• [Problem requirements] Emit a verbatim copy of the lines below from the line with "У неушкодженій гробниці" through the line with "La Vie Parisienne Stud Earrings", excluding pictures and everything outside that range.

• [Records for the task]
"""
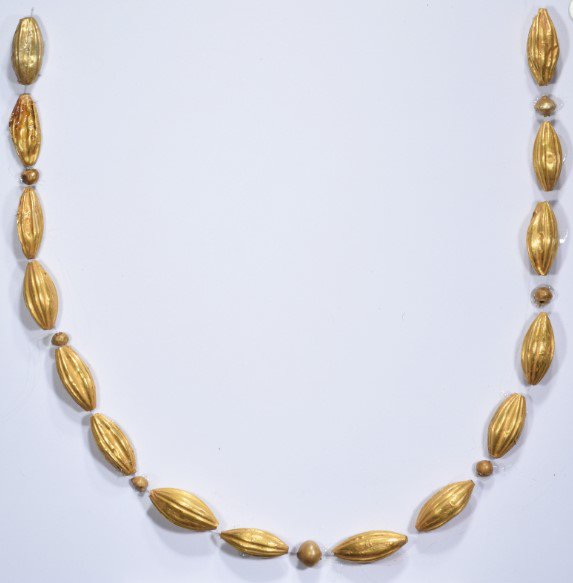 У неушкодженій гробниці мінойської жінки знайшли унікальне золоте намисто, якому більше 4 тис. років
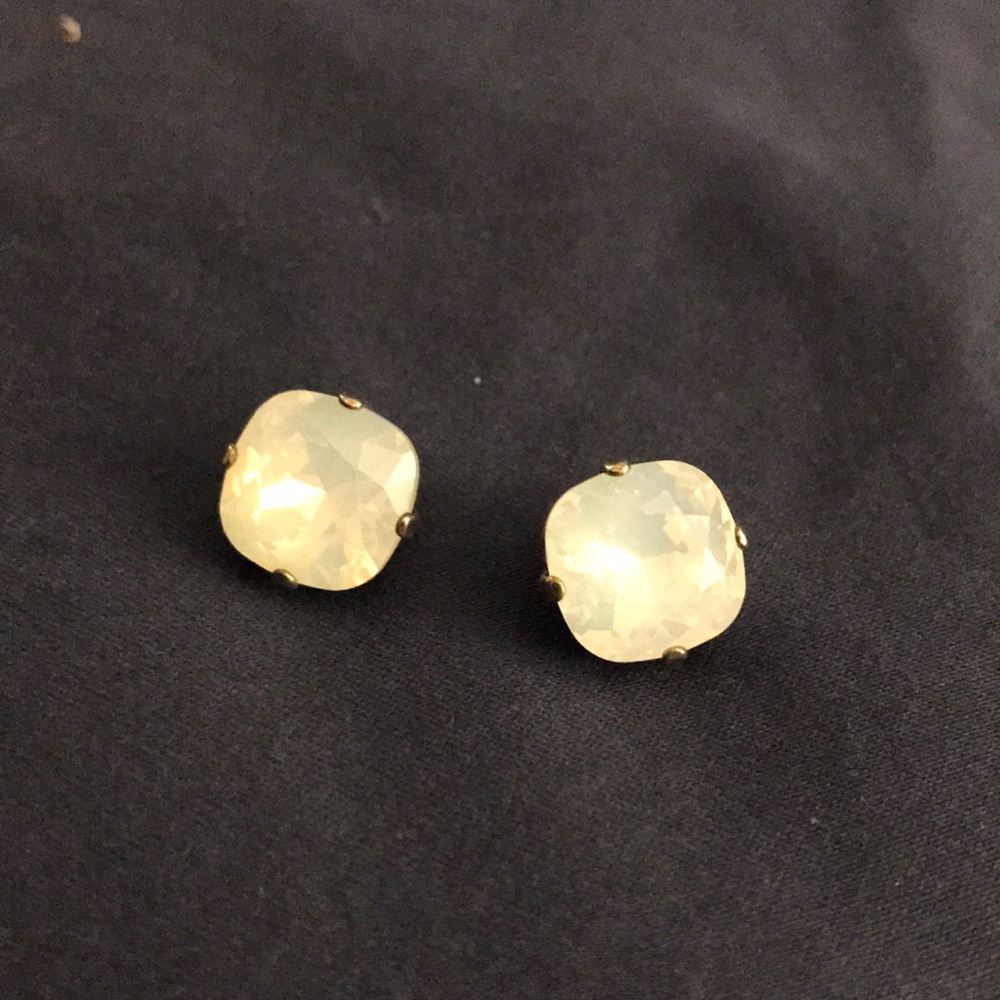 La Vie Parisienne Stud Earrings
"""
"""
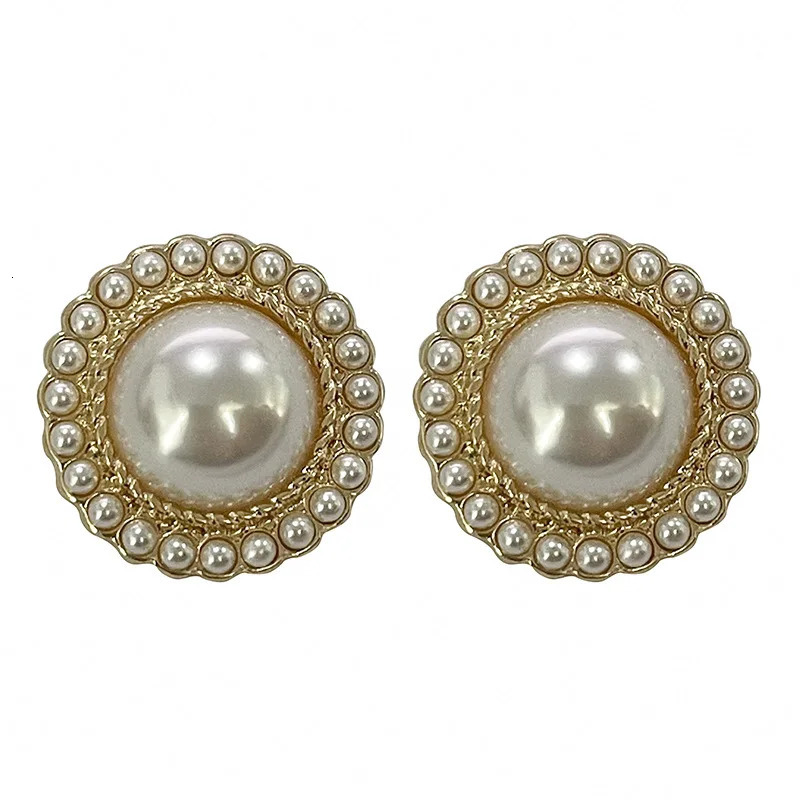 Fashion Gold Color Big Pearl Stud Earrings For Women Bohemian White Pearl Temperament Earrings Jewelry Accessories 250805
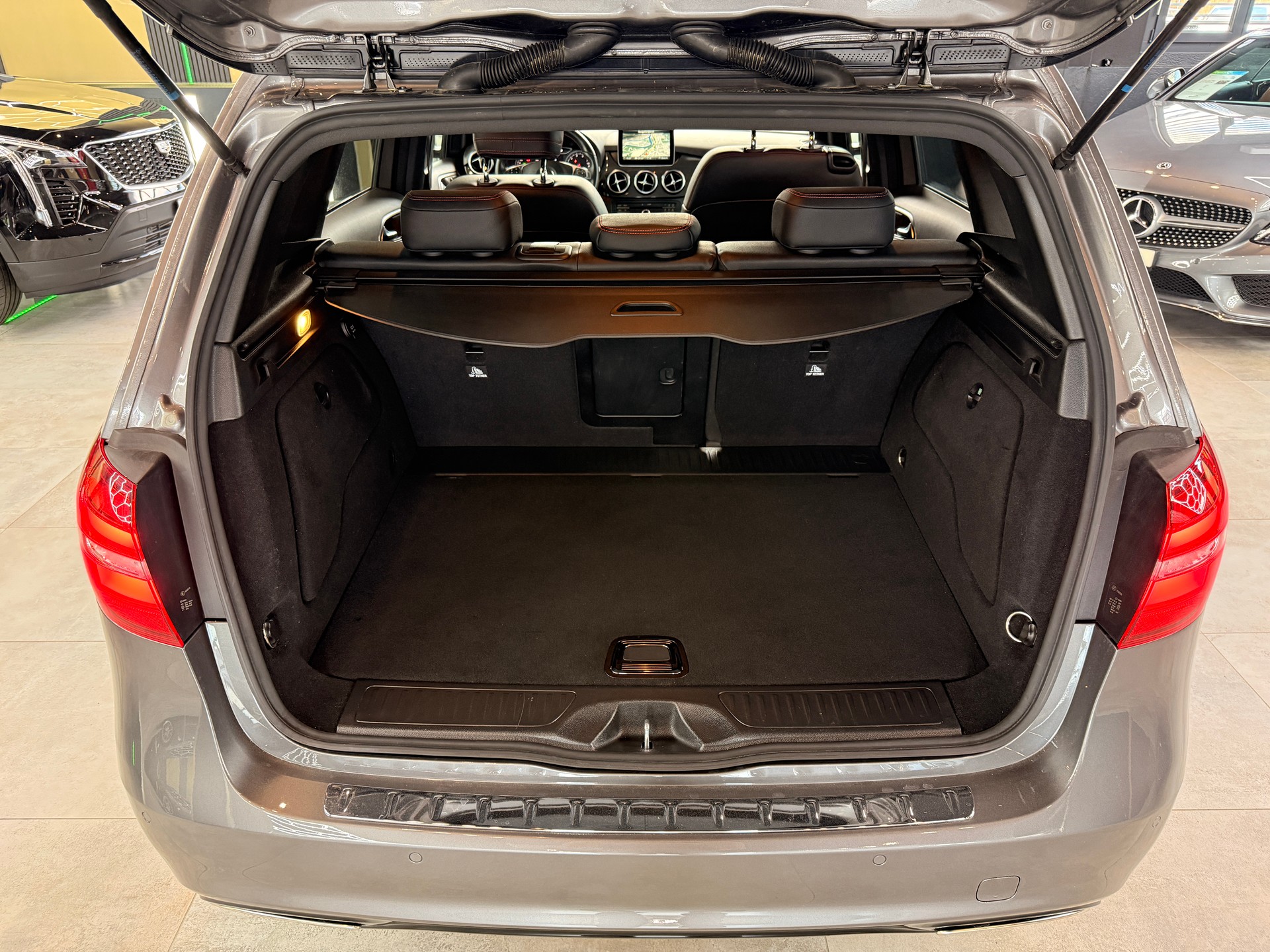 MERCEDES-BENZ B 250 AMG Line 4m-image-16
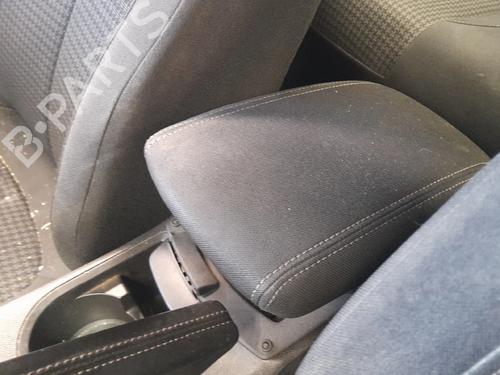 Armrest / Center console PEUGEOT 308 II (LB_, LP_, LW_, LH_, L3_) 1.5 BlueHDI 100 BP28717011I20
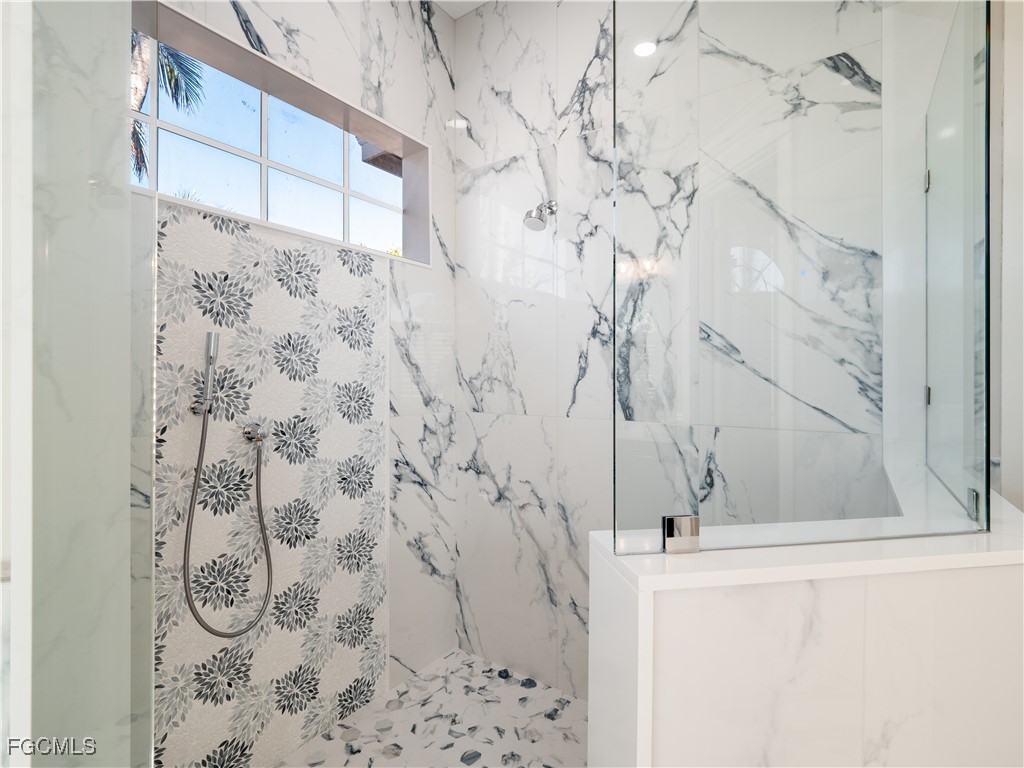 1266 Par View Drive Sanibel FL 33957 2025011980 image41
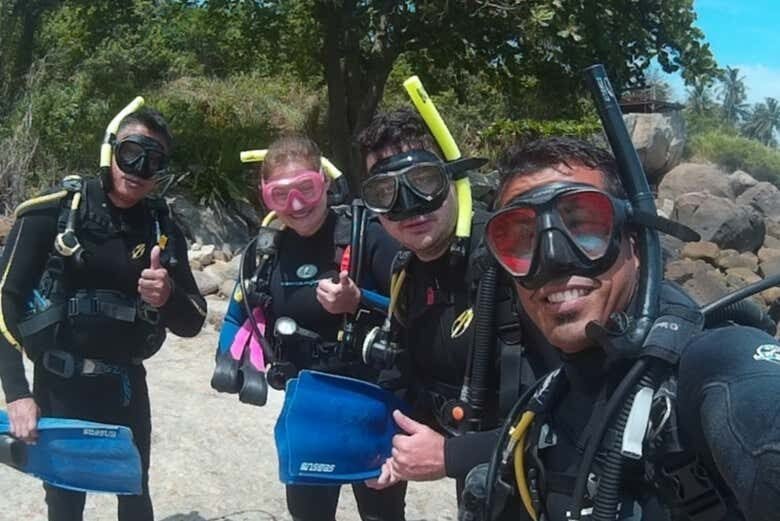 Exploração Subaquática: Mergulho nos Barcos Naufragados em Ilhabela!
"""
"""
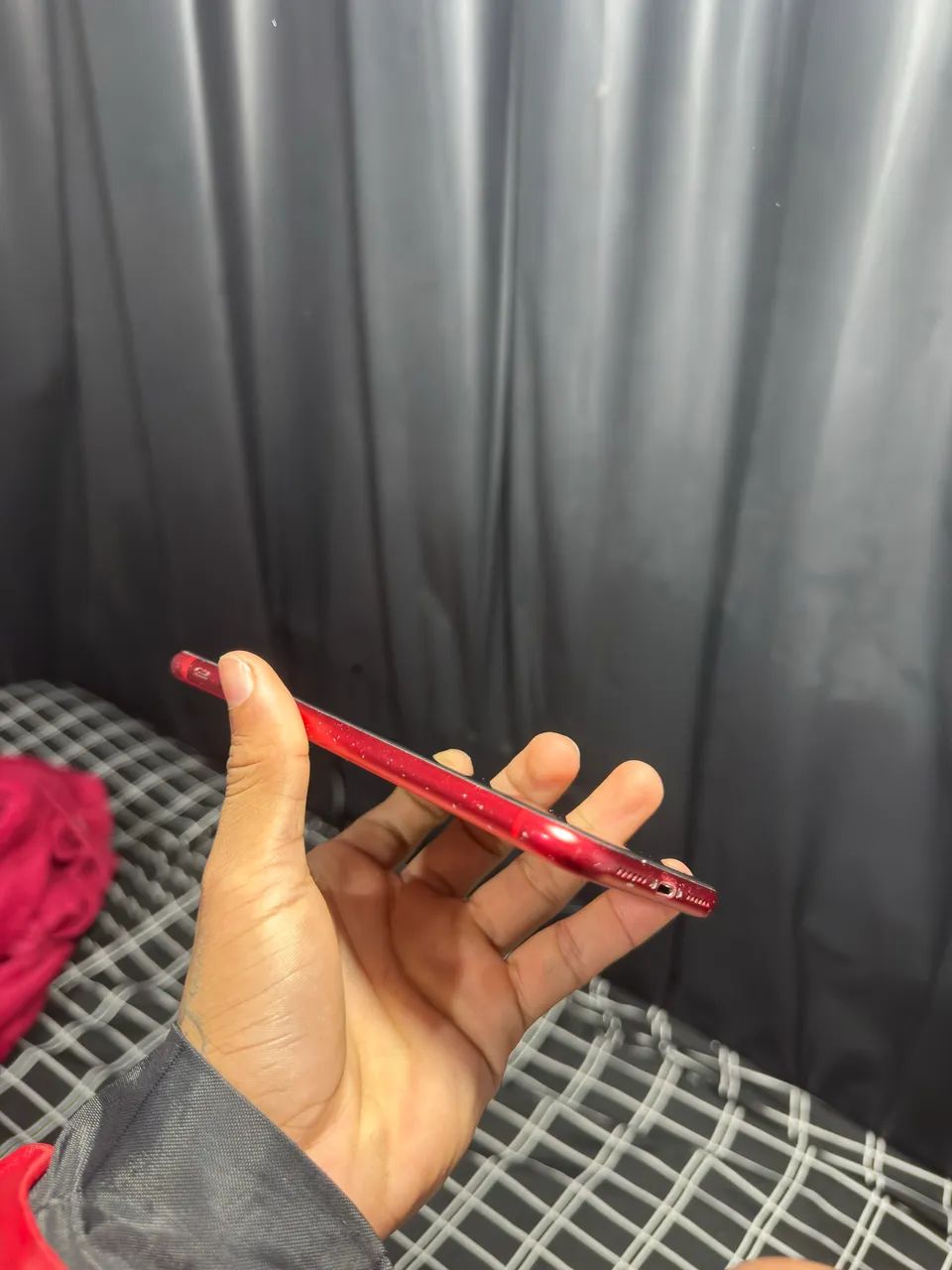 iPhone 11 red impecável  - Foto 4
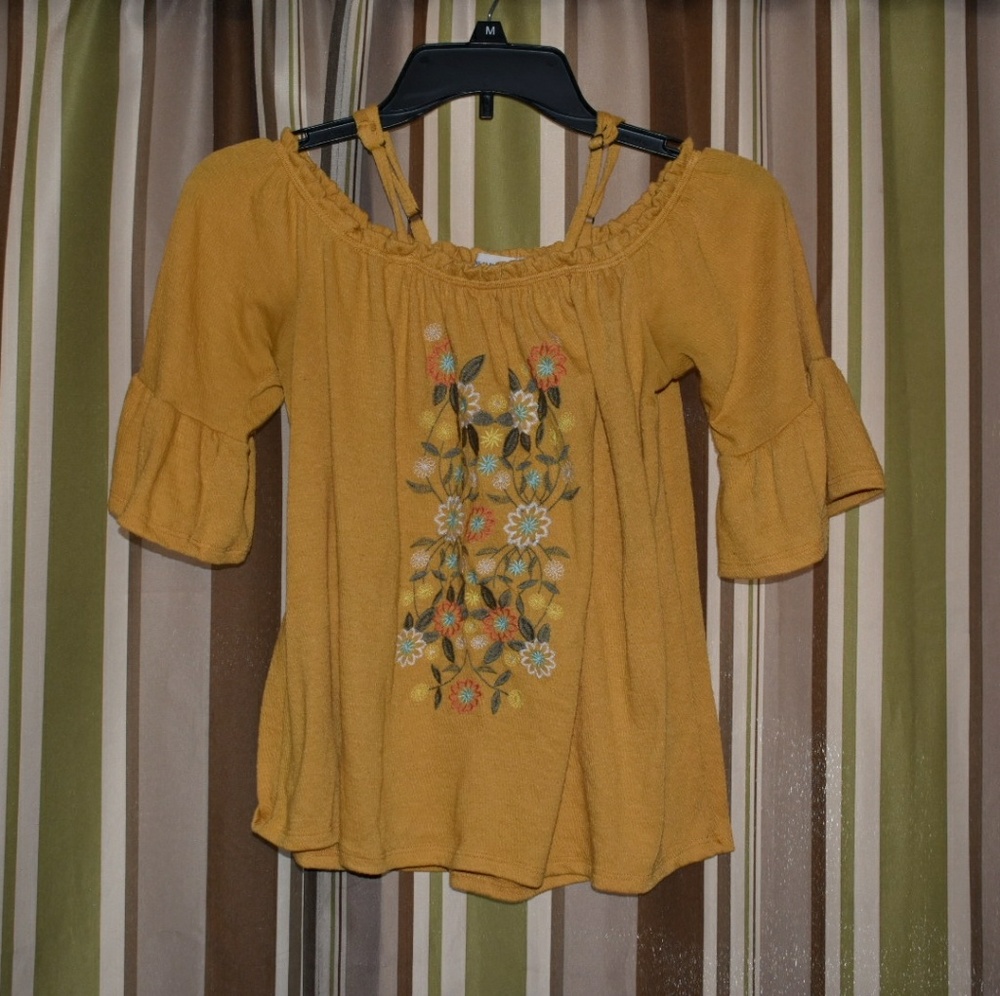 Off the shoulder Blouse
"""
• [Completed exercise]
 У неушкодженій гробниці мінойської жінки знайшли унікальне золоте намисто, якому більше 4 тис. років
 La Vie Parisienne Stud Earrings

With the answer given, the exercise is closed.